You cannot have an opinion on what pinfiring IS. Pinfiring is what it is. It's like you saying you have a different opinion on what an orange is, what a saddle is, what a horse is. A horse is a horse, pinfiring is pinfiring. The issue people have is that you aren't listening to the truth about what the procedure actually IS.

And ugh. Text speak = spew.


----------



## 1dog3cats17rodents

I'm a teenager, and I can't even read "txt speak" Just pretend you are writing for school. I highly a doubt a teacher would accept "i am listn 2 u ppl"


----------



## Saskia

Just a quick question to LO. If it comes of aggressive or anything its not meant like that, but did you actually purchase a horse with marks like that on its legs without checking it out/finding out what they were?

I mean one of the first things I look at when horse shopping are its legs, and while cryo/pin firing or whatever doesn't means the horse is unsound I would have imagined that you would have researched what these marks were from prior to purchase. 

Unless its not your horse, or it was a gift or whatever - i'm just curious.


----------



## JustDressageIt

1dog3cats17rodents said:


> I'm a teenager, and I can't even read "txt speak" Just pretend you are writing for school. I highly a doubt a teacher would accept "i am listn 2 u ppl"


My friend is a teacher, she's constantly shocked at what kids hand in nowadays to pass for papers. 
Like the OP's signature - lots of wats and youus

*shudder*


----------



## Snapple122

1. Why would you ask for information on this and then totally disregard everything that people are trying to tell you. Instead, you agree with internet pages that are written by people who a) have no idea what they're talking about or b) are animal activists and think that owning horses is cruel because they are "wild animals" who should be out lying around in a field full of daisies and roses, and drinking from sparkling rivers and maybe even jumping over rainbows. Seriously.

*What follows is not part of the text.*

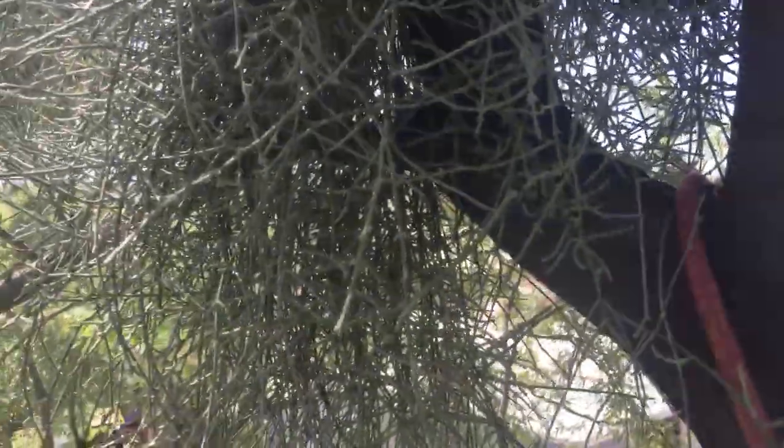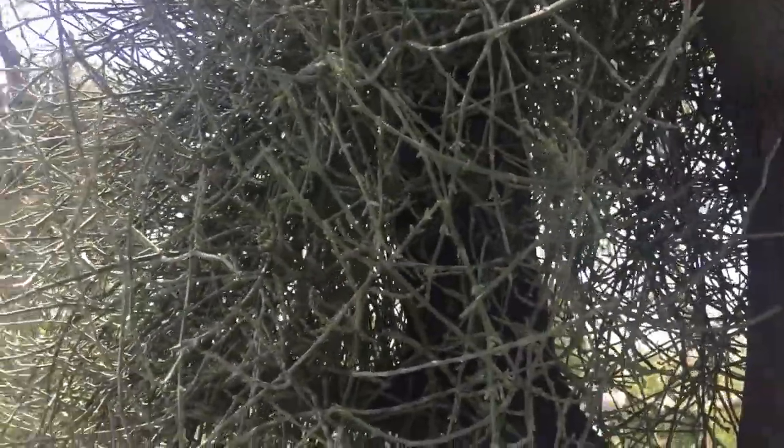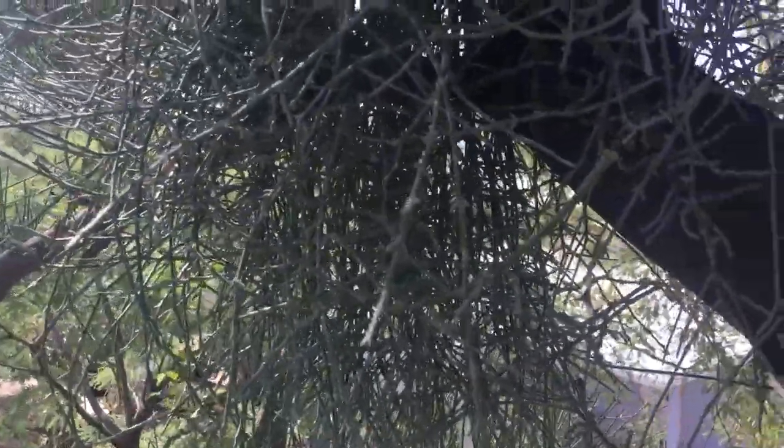Once again, mistletoe is a parasite. If it overwhelms the mesquite, it can kill it. If you keep it at bay — maybe two or three of them — keep it for the birds. If you like the birds, then keep two or three.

2) I have gotten comments about how articulate my writing is in emails and stuff because I use capitals, periods, and get this- even spell words correctly and not using text speak! Ugh. Seriously..

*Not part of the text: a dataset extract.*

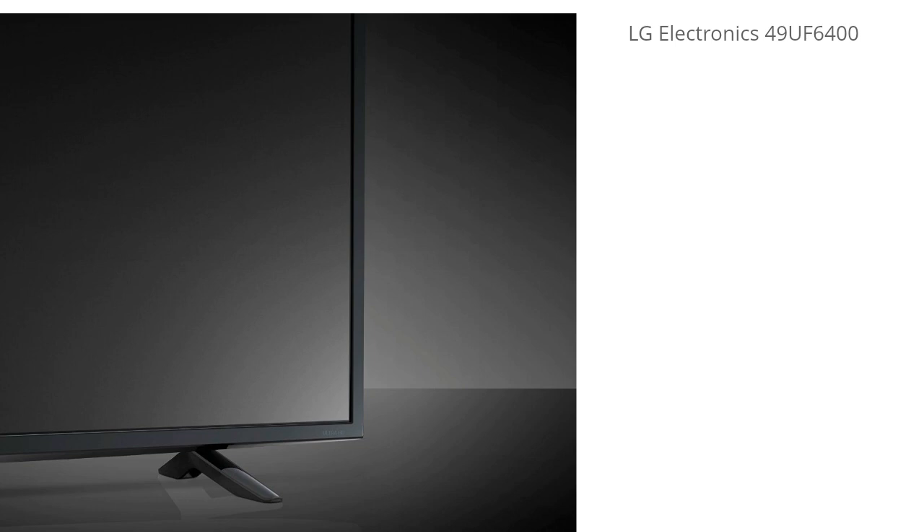Hey, it's TV Tech HD and today I'm going over the LG Electronics 49UF6400. I left a link in the description below to get a great deal on this model, and you can also read all the user reviews and see exactly what other people are experiencing with it. So be sure to check that out. I'm going to get right into it.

Lyk Ok do u get te point off thisss mesage i hop u do cuz u dnt listn 2 wut othr ppl r sayin 

Not trying to be mean or anything but at least take into consideration what other educated people are trying to get through to you.


----------



## Honeysuga

Ok, so I'm probably going to have my face chewed or something but I've read like all these posts with people arguing over a procedure that, where as it IS controversial(obviously), people continue to become more and more "snarky"
and what for?Peoples opinions! So what if LO has her opinion, its an Opinion, if she is wrong shes wrong, so what if whoever considers the practice good and valuable treatment let them do it to THIER animals, its THIER OPINION on the matter. Frankly its childish to have 14 pages of argument on one little thing! Believe me i have a very strong opinion on pin firing and cryo therapies (Though a form cryotherapy ((much like what is done to the the legs of horses)) was used on my cervix to prevent cancer from continuing to grow and eat my body, and yes it hurt like hell, and it killed my cells so my body would grow new ones, but hey i dont have cancer anymore,(maybe thats a better comparison than murder?) some people might think the act of sticking a rod filled with liquid nitrogen into a womans vagina is ghastly, but thats THEIR OPINION) but lord knows i have the sense and maturity level to stay out of such a silly quarrel.
-MY OPINION- (let me repeat this so no one verbally punches me in the face, MY OPINION) is that ALL you people should be ASHAMED of yourselves for arguing like a bunch if little kiddies in the playpen! GEEZ, its like highschool vomitted up a 15 page bitchy battle of a forum!
Lord knows that probably noone on here cares about my opinion, but i thought id throw it on here just as a bit of nostalgia (thank you 10th. grade!)


----------



## JustDressageIt

I'm sorry for trying to educate and get through to a young mind.


----------



## wild_spot

Honeysuga, this is the problem:



> As Almagron said, people don't care if you think it's cruel. That is an opinion, we can't change that, and aren't trying to. The problem is that you have based your opinion on incorrect information.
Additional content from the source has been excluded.